When Retirement Is Near
When you retire, are you planning to relocate to another part of the country, move to a smaller place, or stay in your current home? Where you decide to live during retirement could have a big impact on your lifestyle and expenses.
If your dream is to relocate to a geographic region with a different climate or live closer to family and friends, do your research now. You’ll want to become familiar with the housing costs, income and property taxes, senior services, and health care available in the targeted location.
Maybe you want to stay in the area where you live now but move to a smaller home that’s easier to maintain. If so, don’t forget to factor into your retirement budget the costs of moving and a new mortgage, if applicable. If you want to stay in your current home, consider the costs necessary to maintain it when you are developing your budget.

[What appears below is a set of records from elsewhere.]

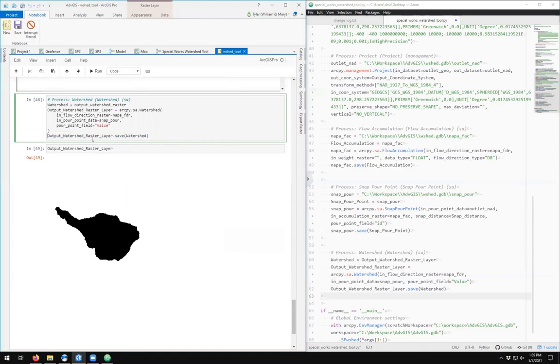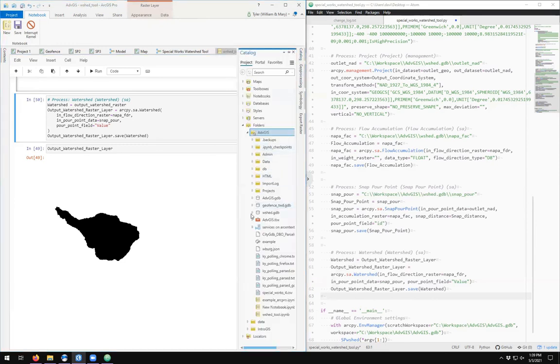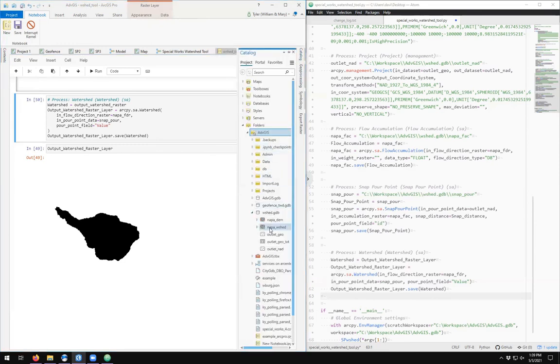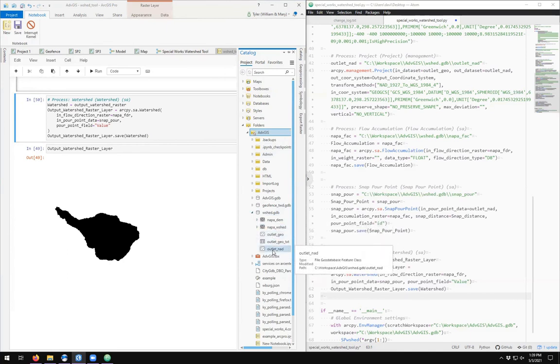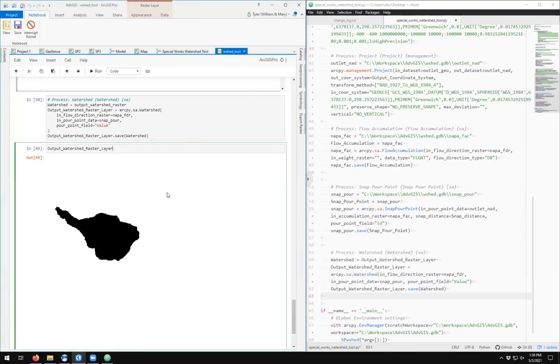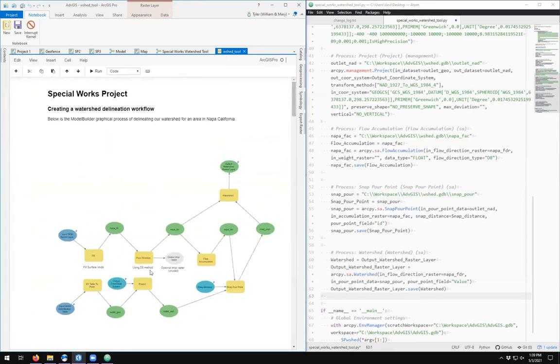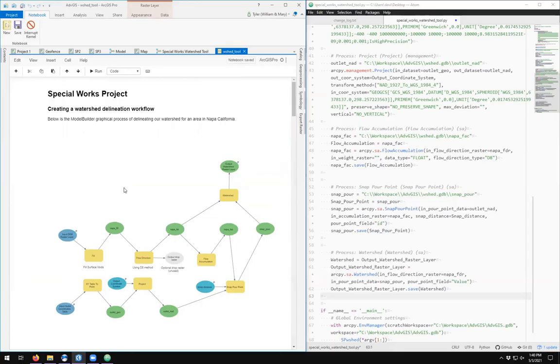And when you're happy, you can simply uncomment the output_watershed_raster_layer.save, and to save watershed is to save it to your file geodatabase. And I can always rerun this. And I should see over here in Catalog in my wshed, my napa_wshed layer that has been created, also the outlet_geo and outlet_nad which we could not avoid creating because of the processing tool. So here we have a way of incorporating the geoprocessing tools that we use in ArcPro or in Model Builder with the textual elements to describe the process and visual elements like images where we can put them all together in a single workflow.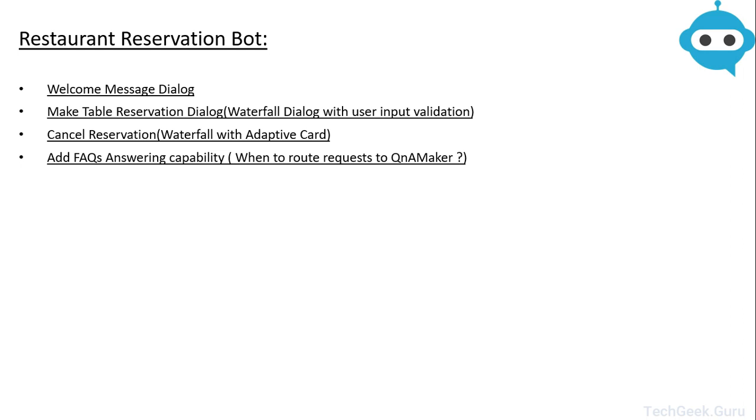Then we are going to add a make table reservation dialogue. This will be a waterfall dialogue with user input validation. We are going to ask the user few data values that we are going to validate. These data values will be something like the date on which the user wants to make a reservation and the time at which he or she wants to make the reservation and things like that.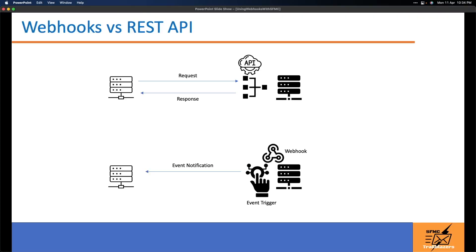Many of you may be familiar with how REST APIs work. Primarily it's a request-response model. Now if you have a scenario where you need to get info from the remote server whenever an event occurs or some data is added or updated, you will have to do some kind of polling mechanism at regular intervals to figure out if the event or update has happened, which is a waste of effort and API resources because you don't know how often it will get updated or when the event has occurred.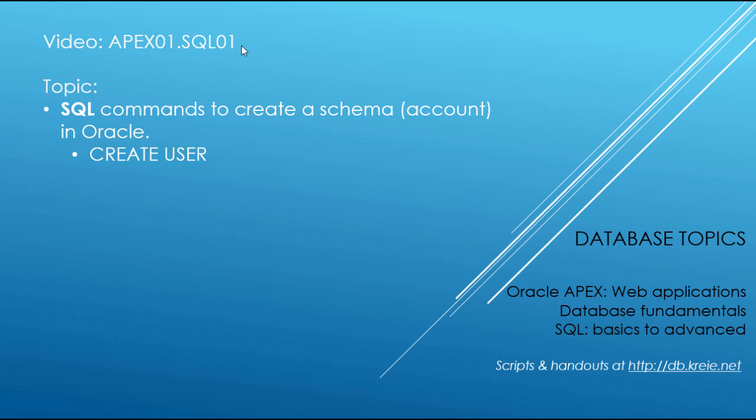We will look at the CREATE USER command, granting a role to a user, and granting a privilege to a user. This will be a simple explanation. This is not meant to teach you some of the fundamentals of being a database administrator and the privileges and security issues that you have when you create users or schemas.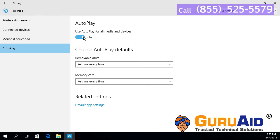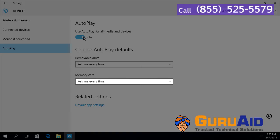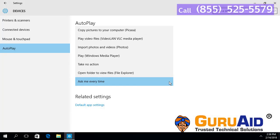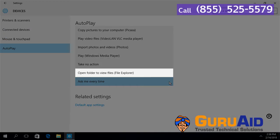Under Choose AutoPlay defaults, click on the dropdown present under Memory card. Then click on Open folder to view files.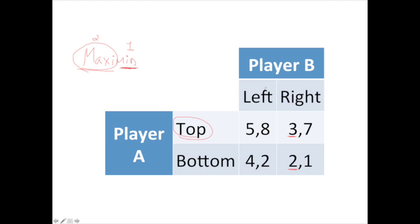For player B, we focus on left and right strategies. If player B picks left, they could get eight or two — the worst possible outcome is two. If player B picks right, the possible outcomes are seven or one — the worst is one. So for player B it's one or two as the minimums; to maximize that, player B goes left. Two is the maximum of the minimum payoffs. So the maximin strategy is player A picks top, player B picks left.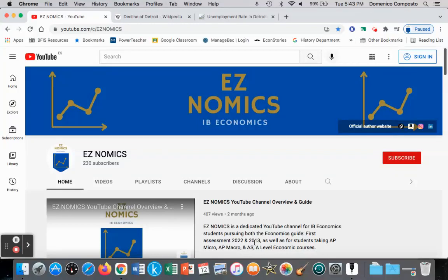Hello, this is Domenico with EZnomics and we're going to look at structural unemployment as a topic discussed in macroeconomics, and how we can utilize microeconomic models such as the market for labor to illustrate structural unemployment.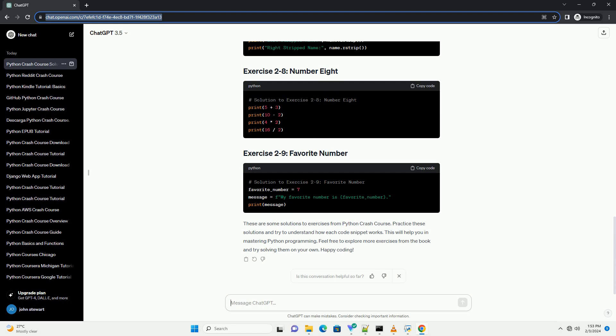Feel free to explore more exercises from the book and try solving them on your own. Happy coding! Chat GPT.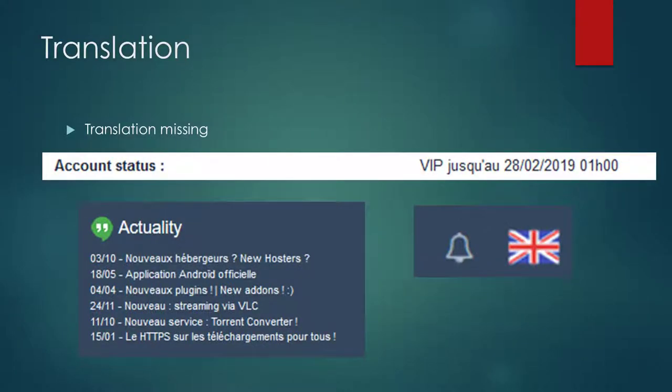Mega-Debrid is a French service but offers some other languages. Not all texts are translated and even if they are translated the translation may be wrong. But this was no major concern for me.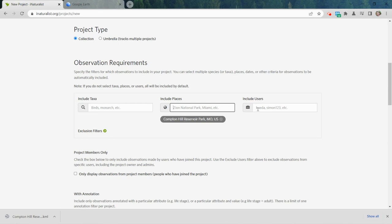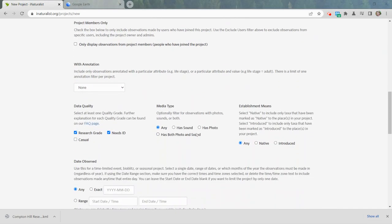Include Users is a place where, if you're a teacher with students and you want the project to only contain their observations, you could put all your students' IDs in here. But that's a lot of IDs to know ahead of time, so what a lot of teachers do instead is use the option that requires observations to only come from members who have joined the project. You give students the link, they join it, and their observations will show. For a public bio blitz where you want IDs from anyone in the region, leave this unchecked.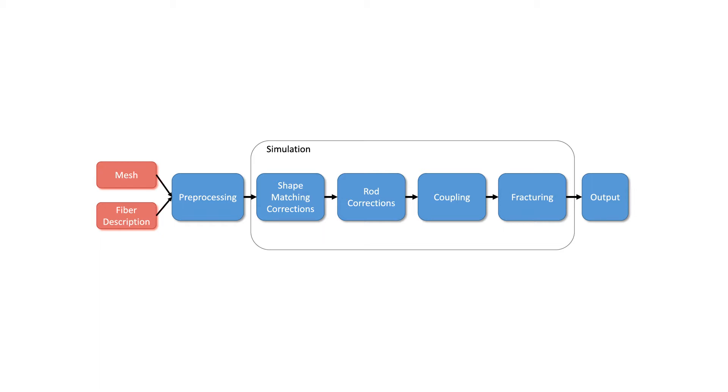Fiber information can either be defined manually by a user or generated procedurally. Our approach is based on the position-based dynamics framework in which objects are represented by a set of particles with constraints that define the dynamics.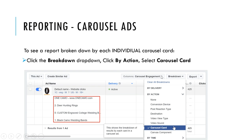By selecting this reporting option, we can break it down even further by clicking the breakdown menu, then selecting by action and then selecting carousel card. So like I said, we can A-B split test by each card. I've named each card in this specific ad and I can scroll right and see which one is getting the most clicks.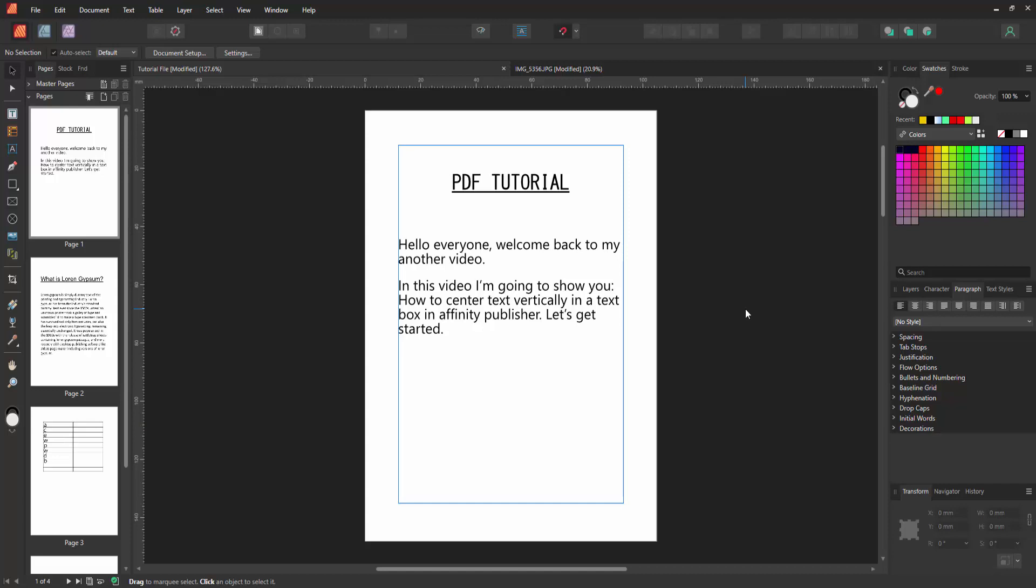Assalamualaikum, hello friends, how are you? Welcome back to my another video. In this video I am going to show you how to center text vertically in a text box in Affinity Publisher. Let's get started.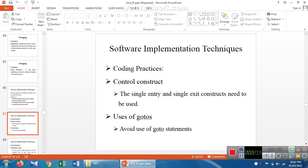In decision making, we have the if condition and switch condition. In looping statements, we have for, while, and do-while. For unconditional statements, there is no condition for executing the statements — control simply moves from one place to another. Examples are break, continue, and goto. It is advised to avoid using goto statements.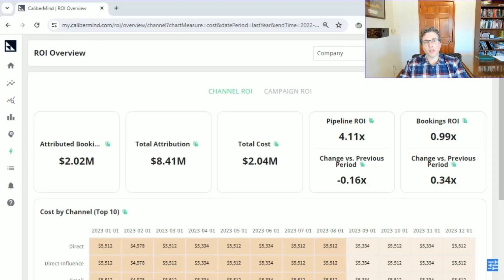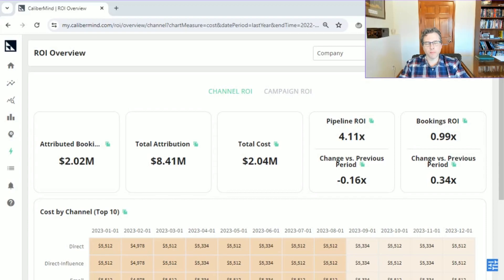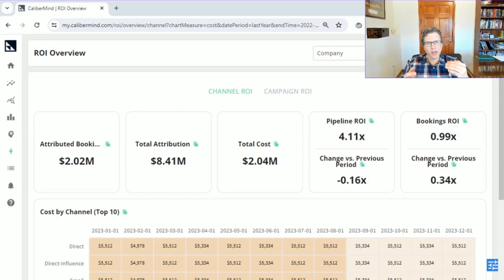Hi there. This is Eric Westerkamp, CEO of CalipMind. Our new ROI module is going to make you and your CFO very happy. The key question that we've gotten from many of our customers is, how can I understand how efficient each of my channels is in driving growth? And so with that in mind, we built the new ROI module.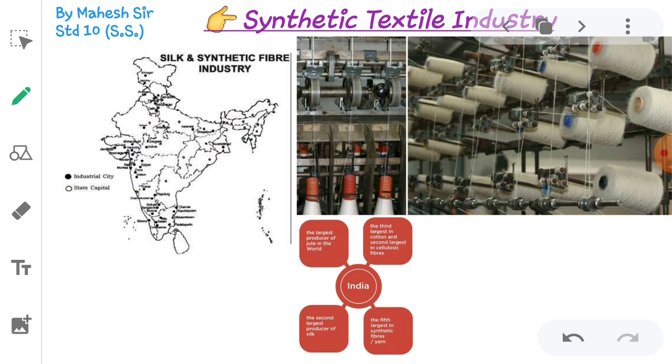Other centers of synthetic textile are Surat, Kanpur, Mumbai, Ahmedabad, Kolkata, Chennai, Modinagar, etc. After that comes the sugar industry.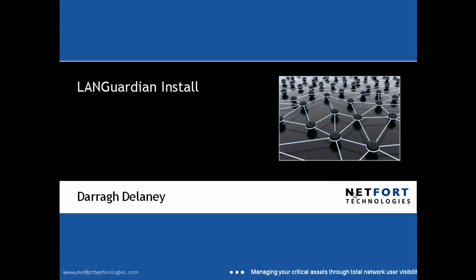Welcome to this video on the LANGuardian install process. My name is Darren Delaney, I'm Head of Technical Services here at Netfort Technologies.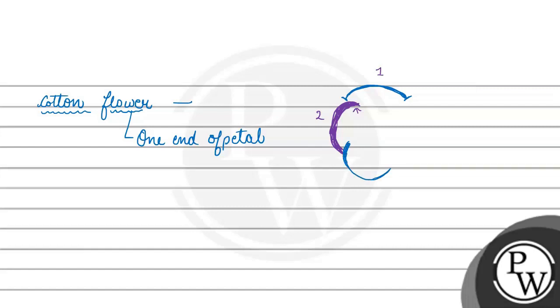The second petal is overlapping the third petal. The number one is overlapping the second petal.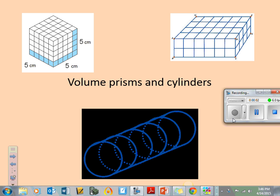Hello, geometry folks, and welcome to Volume of Prisms and Cylinders. Today we're going to talk about volume and what that means, and we are going to find some volumes of some specific shapes — prisms and cylinders, to be exact. Let's get started.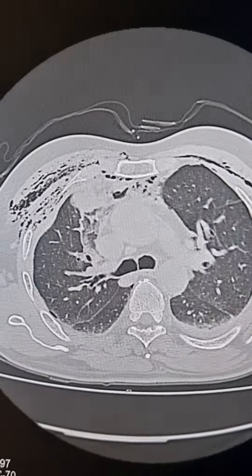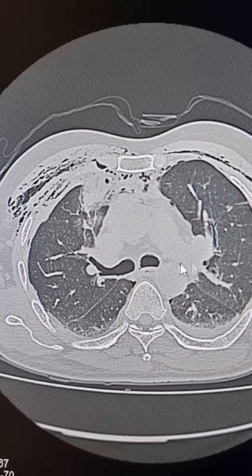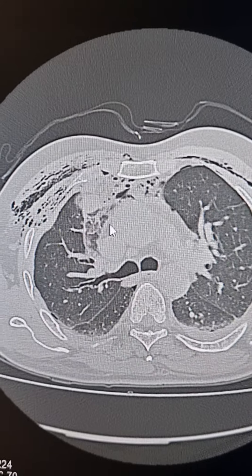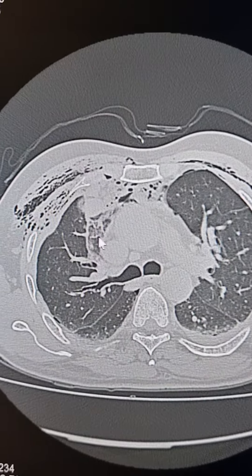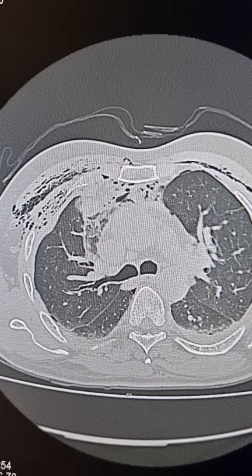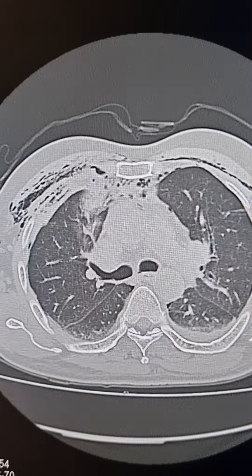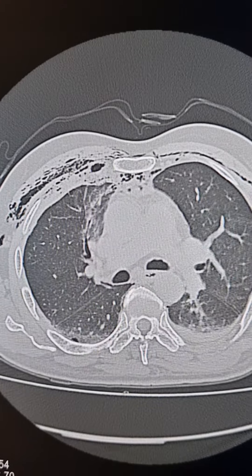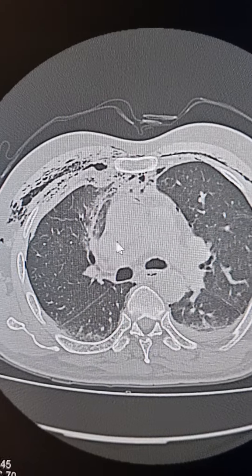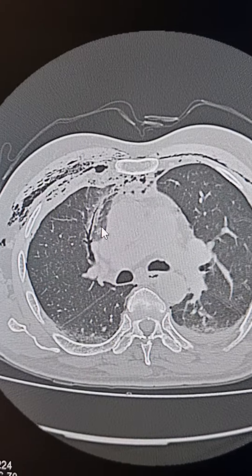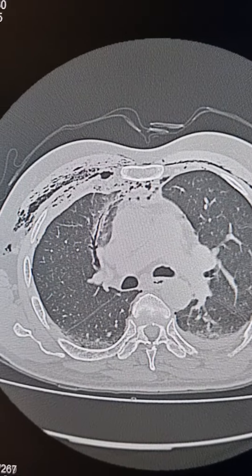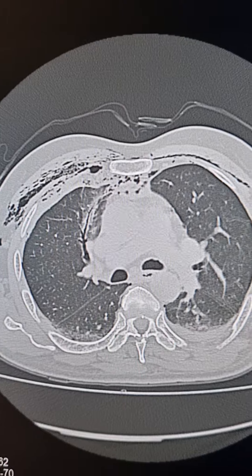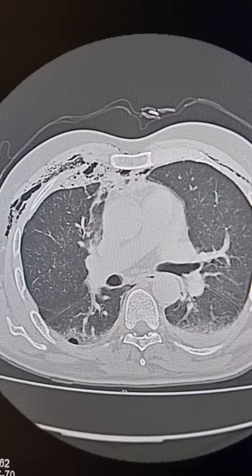Now please note this area of increased attenuation here in the anterior segment of the right upper lobe. These are lung contusions.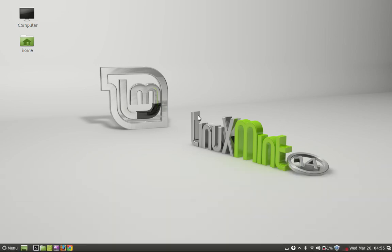This is how on-screen keyboard is enabled in Linux Mint 14 Cinnamon. That's all for now friend. Thank you for watching.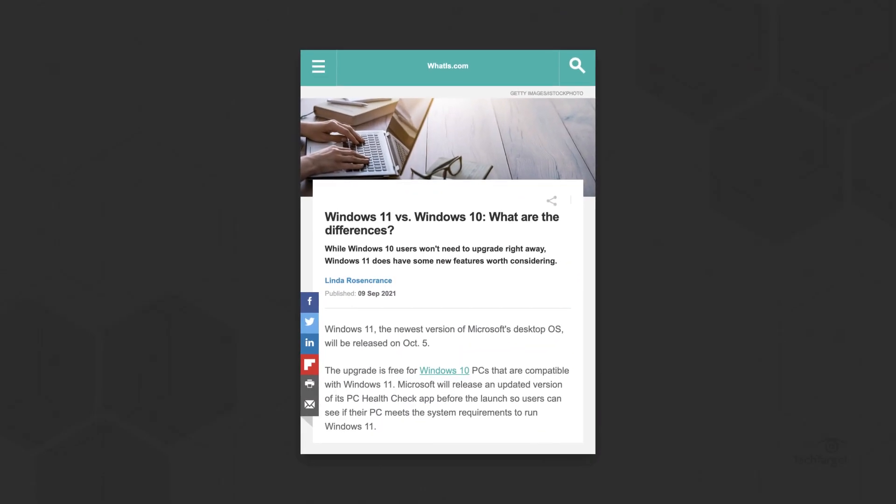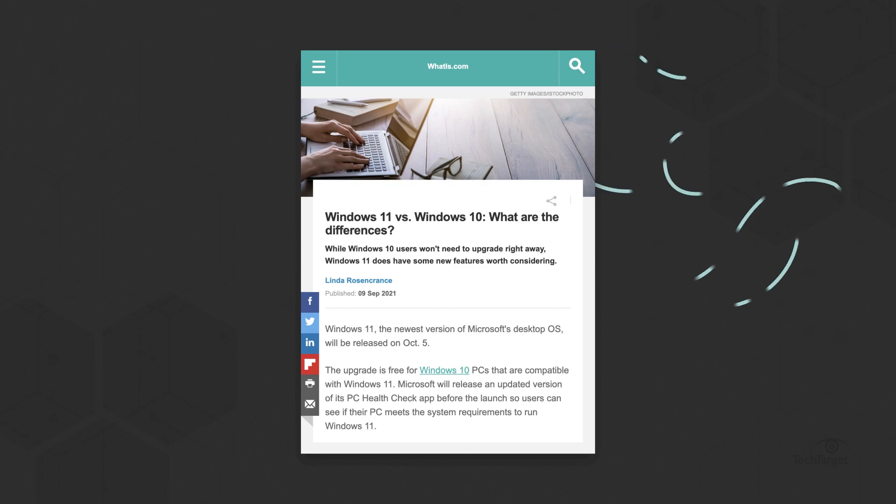To learn more about the differences between Windows 11 and its predecessor, Windows 10, click the link above or in the description below.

Retirement may be a time for you to finally rest and relax. Or maybe you’ll be busier than ever. How you spend your time will most likely affect the amount of retirement income you’ll need, so the more you plan now, the better prepared you can be for the financial realities of retirement.
Perhaps you want to travel and/or visit family and friends who live far away. Retirement may be a good time to pursue a sport or hobby you’ve always loved but didn’t have time for when you were working. And it may not be too late to return to school for an undergraduate or advanced degree or even take adult education courses on subjects that interest you.
Retirement for you may include work of some sort. Maybe you want to stay affiliated with your current employer on a reduced schedule or in a consulting capacity. Or perhaps you’d like to begin a new career or start your own business. And many retirees spend a lot of their time volunteering in their communities.
You get to choose when you’ll start receiving Social Security benefits. The earliest you can start receiving benefits is age 62. The amount you’ll receive each month will depend in part on your age when you start receiving benefits. Full Social Security benefits begin at your “full retirement age,” which ranges from 66 to 67 for people born after 1942. To find out your full retirement age, you can check on the Social Security Administration’s website (www.ssa.gov).
If you retire early and begin drawing Social Security, your monthly benefit amount will be permanently reduced, based on the number of months until you reach your full retirement age. Generally, your benefit will be reduced by 25% to 30%. If you need the income early or aren’t anticipating a long retirement, drawing Social Security early may make sense for you.
If you delay receiving benefits until after your full retirement age, your monthly benefit amount will be permanently increased, based on the number of months you do not receive benefits between full retirement age and age 70. If you don’t need the income right away, want a larger monthly benefit, and are expecting to be retired for a long time, delaying benefits may be appropriate for your situation.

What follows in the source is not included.